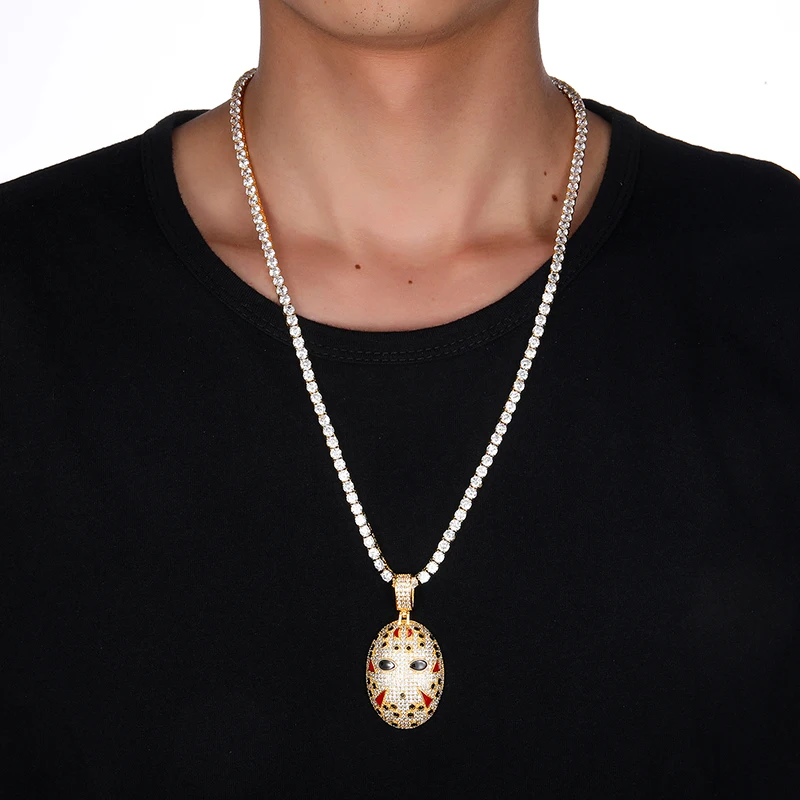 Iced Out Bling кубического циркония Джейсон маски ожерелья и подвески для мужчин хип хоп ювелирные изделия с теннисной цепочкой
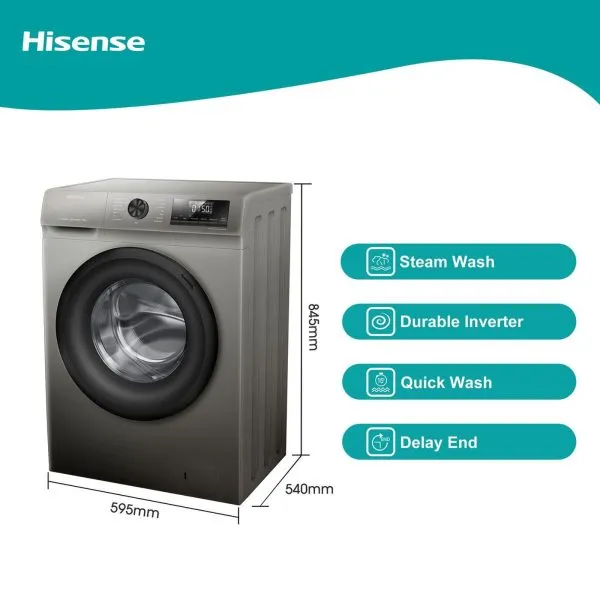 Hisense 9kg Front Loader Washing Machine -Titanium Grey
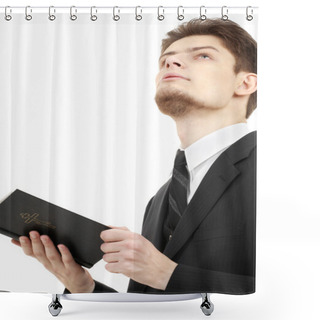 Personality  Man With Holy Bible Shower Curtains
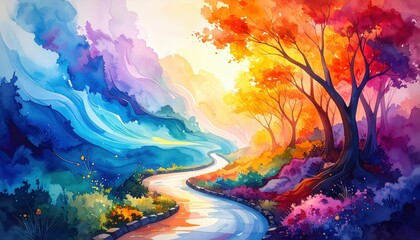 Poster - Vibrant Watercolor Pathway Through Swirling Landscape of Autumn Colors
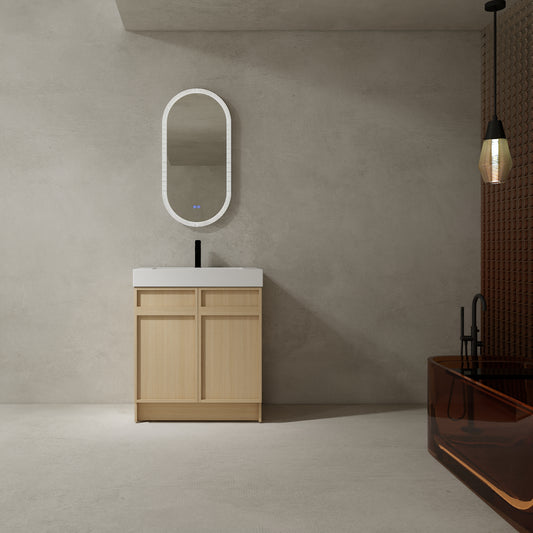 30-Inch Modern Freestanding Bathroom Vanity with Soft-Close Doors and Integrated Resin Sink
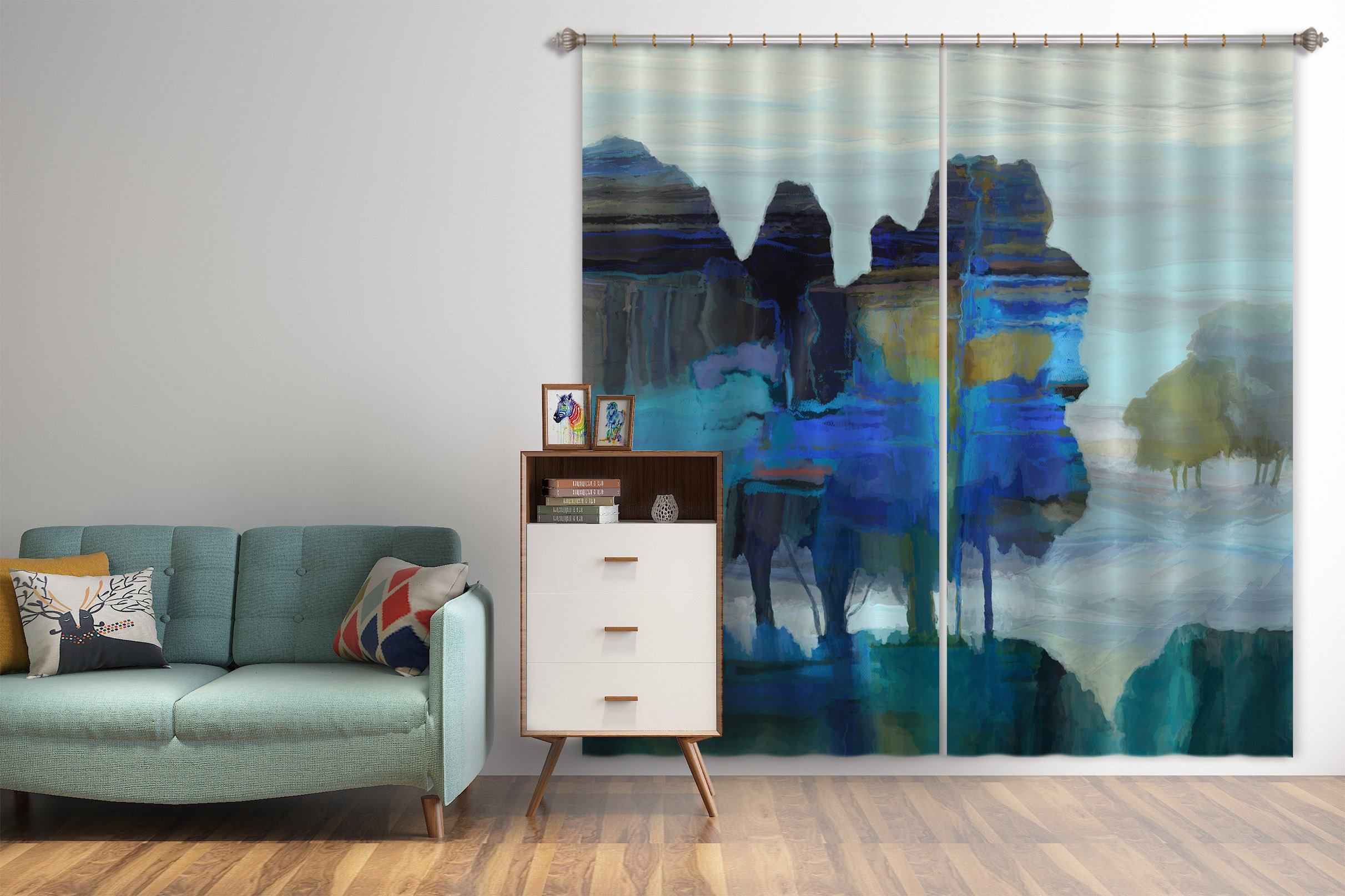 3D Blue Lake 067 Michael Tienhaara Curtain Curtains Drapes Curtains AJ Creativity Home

##########

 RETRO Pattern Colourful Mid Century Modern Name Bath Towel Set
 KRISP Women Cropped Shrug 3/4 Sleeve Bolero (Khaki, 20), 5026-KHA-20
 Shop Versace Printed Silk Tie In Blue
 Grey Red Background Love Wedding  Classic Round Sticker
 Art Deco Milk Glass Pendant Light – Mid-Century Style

##########

In the records above, locate every line with the string "Century" and copy it.

 RETRO Pattern Colourful Mid Century Modern Name Bath Towel Set
 Art Deco Milk Glass Pendant Light – Mid-Century Style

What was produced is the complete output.